Solution 1: Double DP
def isMatch(self, s: str, p: str) -> bool:
m, n = len(s), len(p)
ans = [[False for _ in range(n+1)] for _ in range(m+1)]
# ans is a matrix of size (m+1) by (n+1), and ans[i][j] represents whether s[i:] matches p[j:]

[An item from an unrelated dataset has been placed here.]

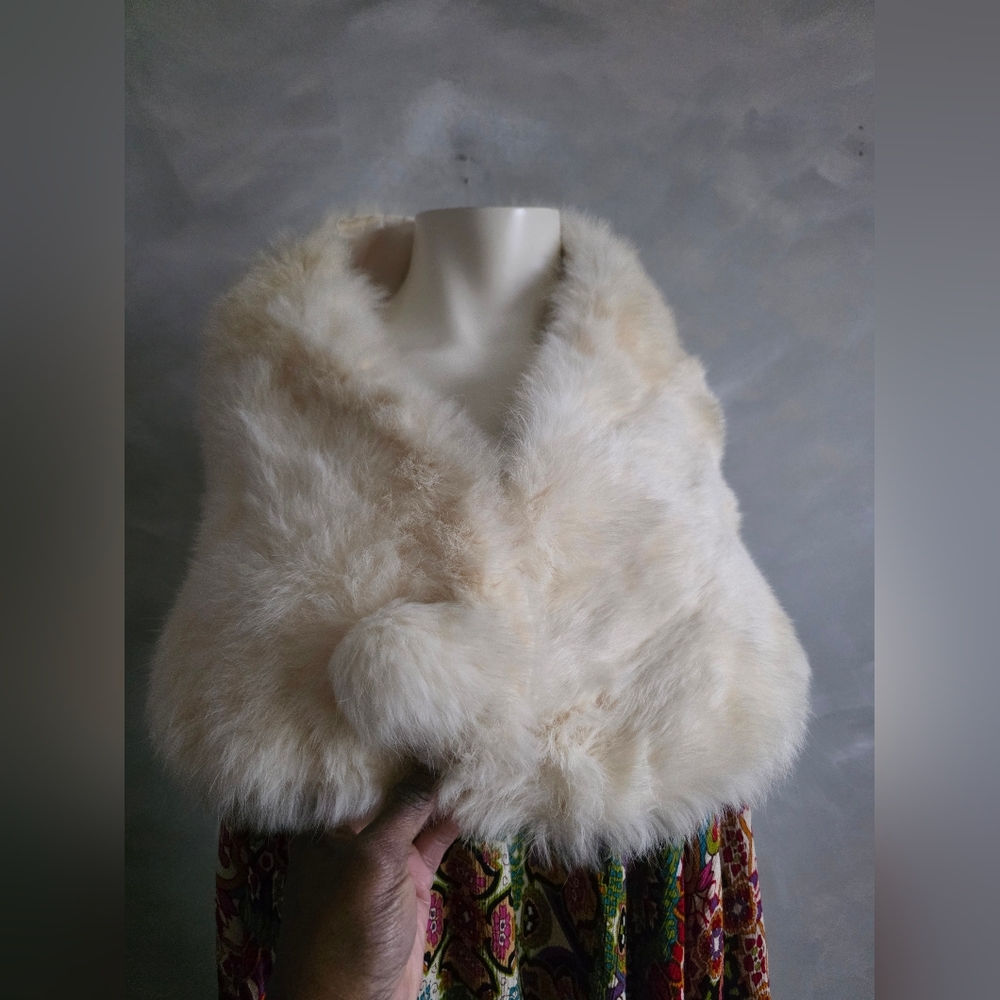 Real Fur Scarf Collar Shawl 39x14 vintage cream-colored fur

# Base cases (the last row and last column):
# 1. ans[m][n] = True (both empty)
ans[m][n] = True
# 2. ans[0:m][n] = False (pattern is empty & string is non-empty)
for i in range(0, m):
ans[i][n] = False
# 3. ans[m][0:n] = True/False depends on whether patterns are full of *
for j in range(n-1, -1, -1):
ans[m][j] = ans[m][j+1] and p[j] == "*"
for j in range(n-1, -1, -1):
for i in range(m-1, -1, -1):
# depending on the first pattern character, there are three cases:
# case 1: p[j] is "?"
if p[j] == "?":
ans[i][j] = ans[i+1][j+1]
# case 2: p[j] is "*"
elif p[j] == "*":
# advance to the next char in string or omit this *
ans[i][j] = ans[i+1][j] or ans[i][j+1]
# case 3: p[j] is a specific char
else:
ans[i][j] = (s[i] == p[j]) and ans[i+1][j+1]
return ans[0][0]
Solution 2: Iteration with Cache
def isMatch(self, s: str, p: str) -> bool:
m, n = len(s), len(p)
cache = [[None for _ in range(n+1)] for _ in range(m+1)]
def iterate(s_idx, p_idx):
# base cases:
if cache[s_idx][p_idx] is not None:
return cache[s_idx][p_idx]
if s_idx == m and p_idx == n:
cache[s_idx][p_idx] = True
elif p_idx == n:
cache[s_idx][p_idx] = False
elif s_idx == m:
cache[s_idx][p_idx] = p[p_idx:] == "*" * (n - p_idx)
elif p[p_idx] == "?":
cache[s_idx][p_idx] = iterate(s_idx + 1, p_idx + 1)
elif p[p_idx] == "*":
# Avoid redundant recursive calls with this optimization
cache[s_idx][p_idx] = iterate(s_idx + 1, p_idx) or iterate(s_idx, p_idx + 1)
else:
cache[s_idx][p_idx] = s[s_idx] == p[p_idx] and iterate(s_idx + 1, p_idx + 1)
return cache[s_idx][p_idx]
return iterate(0, 0)